Czym jest dopamina?
Dopamina to neurotransmiter (neuroprzekaźnik) przenoszący sygnały między komórkami nerwowymi. Dopamina znana jest szczególnie jako „neuroprzekaźnik przyjemności”, ale jej rola w ludzkim organizmie jest o wiele bardziej złożona. Uczestnicy ona w wielu procesach, takich jak np. nauka, kontrolowanie poruszania się czy kontrola emocji.
Dopamina jest uwalniana w różnych „przyjemnych” sytuacjach, takich jak np.:
- Interakcje społeczne. Spotkania, rozmowy z przyjaciółmi, przytulanie się z bliskimi osobami dają nam poczucie szczęścia i wyrzut dopaminy.
- Osiągnięcie sukcesu. Z wydzielaniem dopaminy powiązane jest uczucie satysfakcji wynikające np. z domknięcia projektu w pracy, ukończenia wymagającego zadania czy – z pozoru błahego – odhaczenia jednego z punktów na liście „to do”.
- Otrzymanie pochwały. Komplement, docenienie starań w pracy, czy chociażby wirtualny lajk to także bodźce powodujące wyrzut dopaminy.
- Aktywność fizyczna. Ruch pobudza wydzielanie endorfin, a te z kolei zwiększają produkcję dopaminy, co pogłębia odczuwanie szczęścia i spełnienia.

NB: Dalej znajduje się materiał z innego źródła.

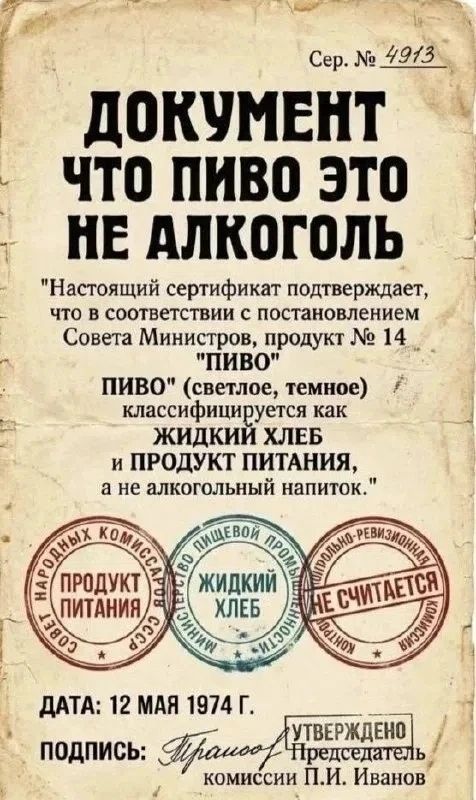 Сер. № 4913 ДОКУМЕНТ ЧТО ПИВО ЭТО НЕ АЛКОГОЛЬ 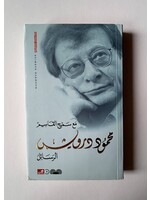 Al Rasa'il - Darwish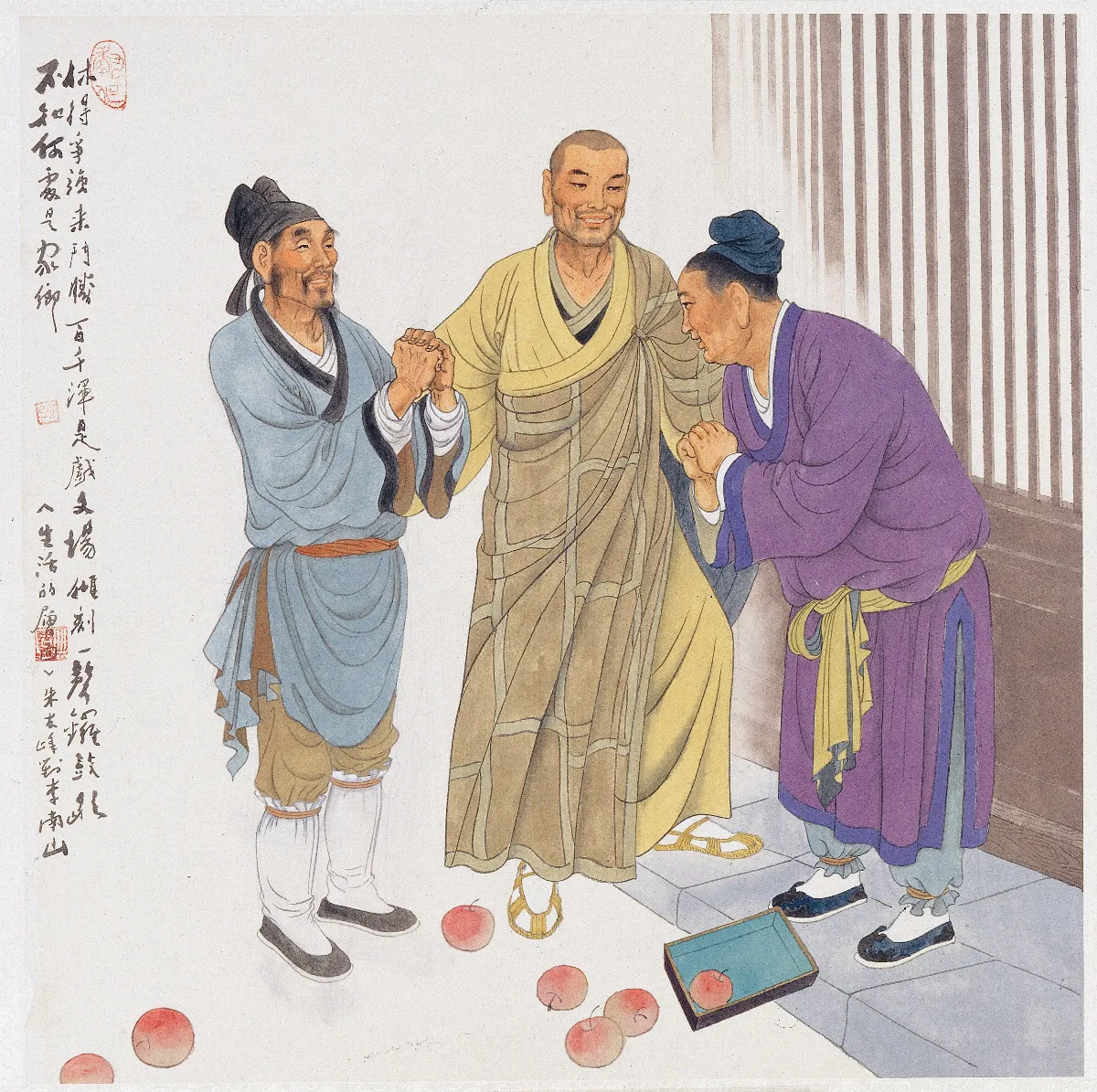 心的萬能  十二 之 八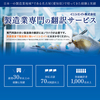 製造業に特化した翻訳サービス ※無料翻訳トライアル受付 製品画像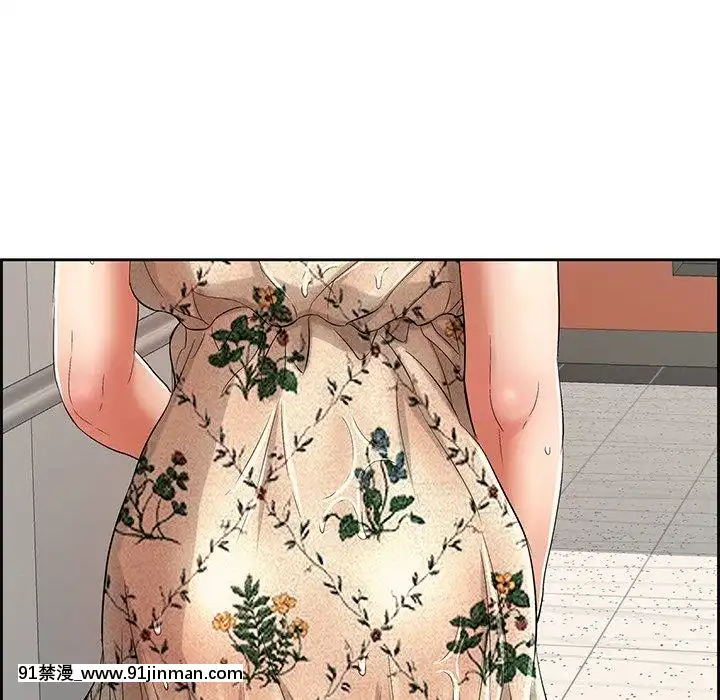 致命的妳1-32話[18h amor falso caruaru]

- Oczekiwanie na przyjemność. Planowanie wyjazdu na wakacje, wizualizowanie czy marzenie również mogą powodować pobudzanie wydzielania dopaminy.
- Nauka i odkrywanie nowych rzeczy. Zdobywanie wiedzy, nauka nowych umiejętności czy poszukiwanie nowych sposobów rozwiązywania problemów to także bodźce aktywujące wydzielanie „neurotransmitera szczęścia”.

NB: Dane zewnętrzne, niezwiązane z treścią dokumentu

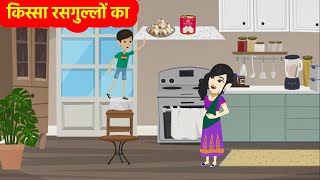 किस्सा रसगुल्लों का  | Kissa Rasgullo Ka  | Funny Hindi Stories | Hindi Stories Ki Duniya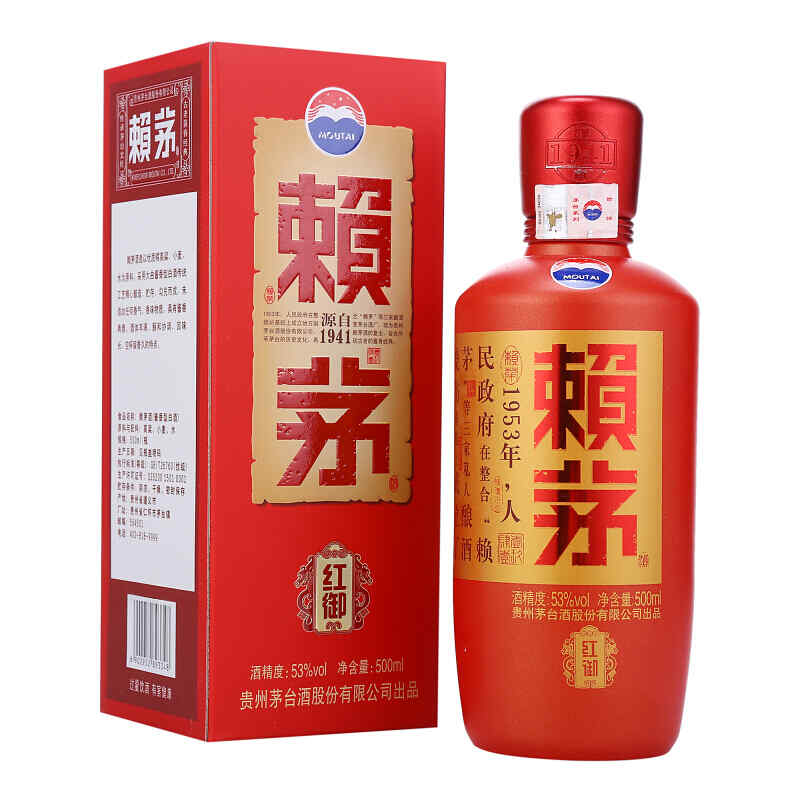 度數中高的紅酒,紅酒和葡萄酒哪個度數高?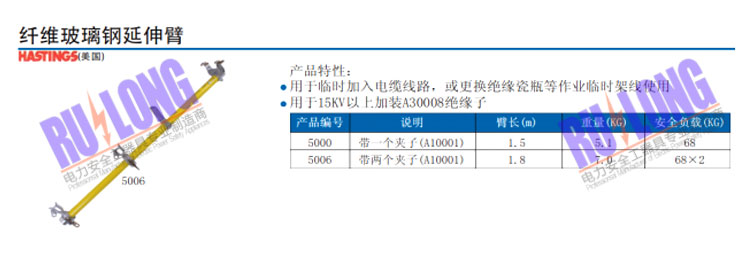 纤维玻璃钢延伸臂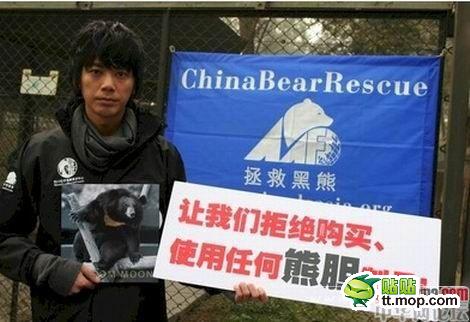 有的熊无法忍受每日取胆的痛苦，曾掏肚肠自杀。为了防止它们自戕，就特制了这种铁马甲，日夜穿在它们身上。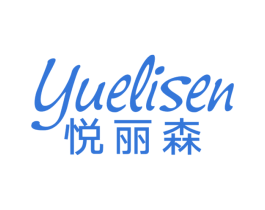 悦丽森 商标图样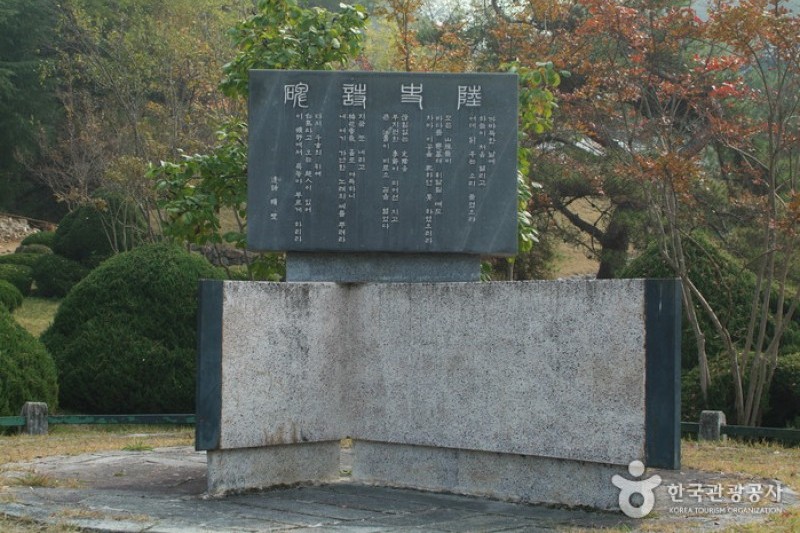 安東民俗村 (11/14)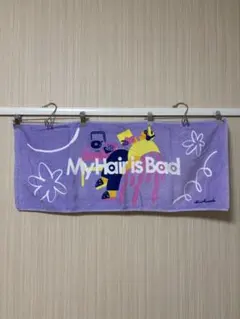 My Hair is Bad マイヘア ロゴ タオル - メルカリ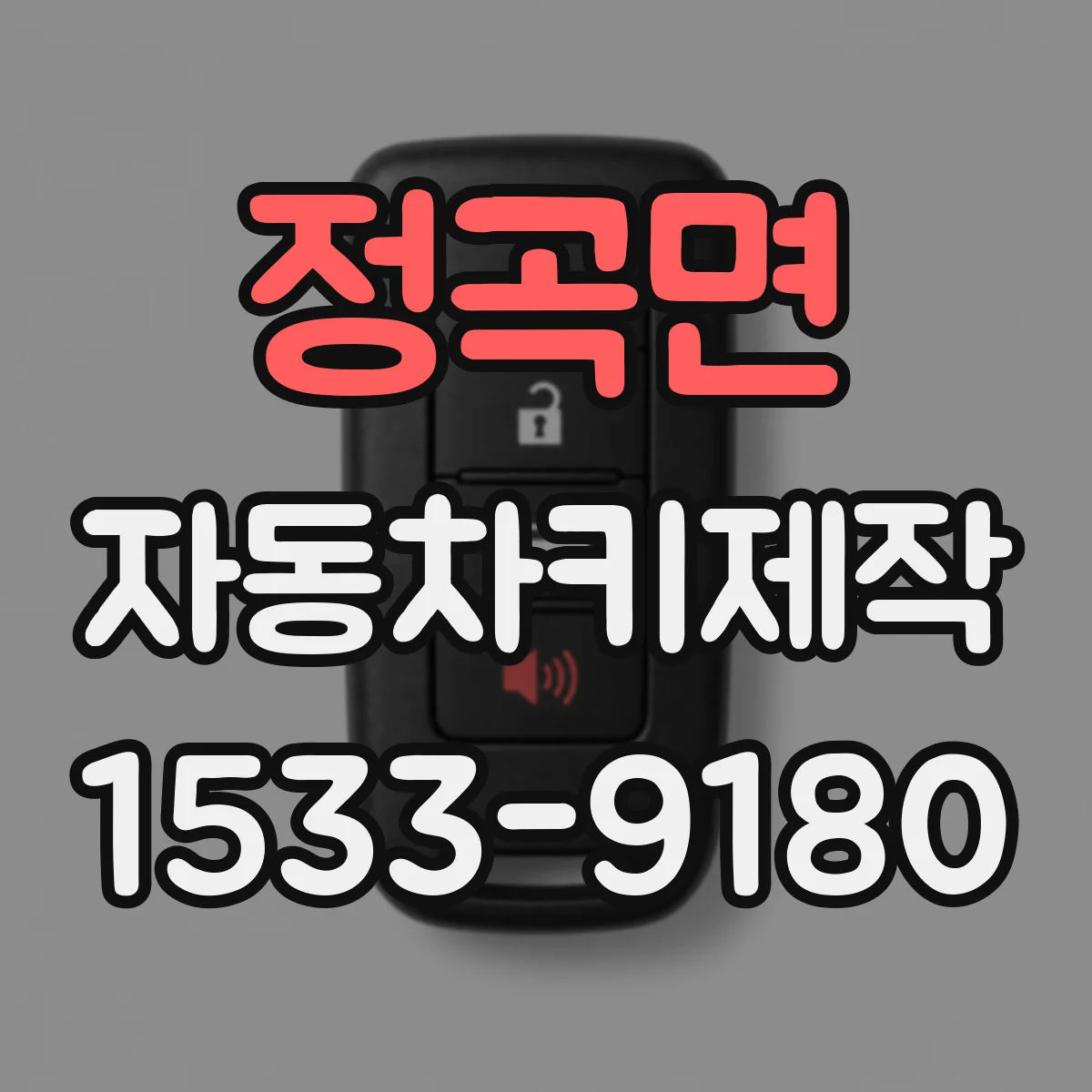 정곡면 자동차키제작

- Zakupy. Dają nam poczucie satysfakcji, a co za tym idzie, wywołują wyrzuty dopaminy.
- Reakcje w mediach społecznościowych. Scrollowanie mediów społecznościowych, a także otrzymywanie wirtualnych „bodźców”, np. w formie lajków, serduszek czy powiadomień, to też sygnał dla organizmu do wydzielenia dopaminy.
- Jedzenie. Natychmiastowy bodziec pobudzający do wyrzutu dopaminy to w szczególności jedzenie o wysokiej smakowitości, takie jak fast foody czy słodycze (ale nie tylko!).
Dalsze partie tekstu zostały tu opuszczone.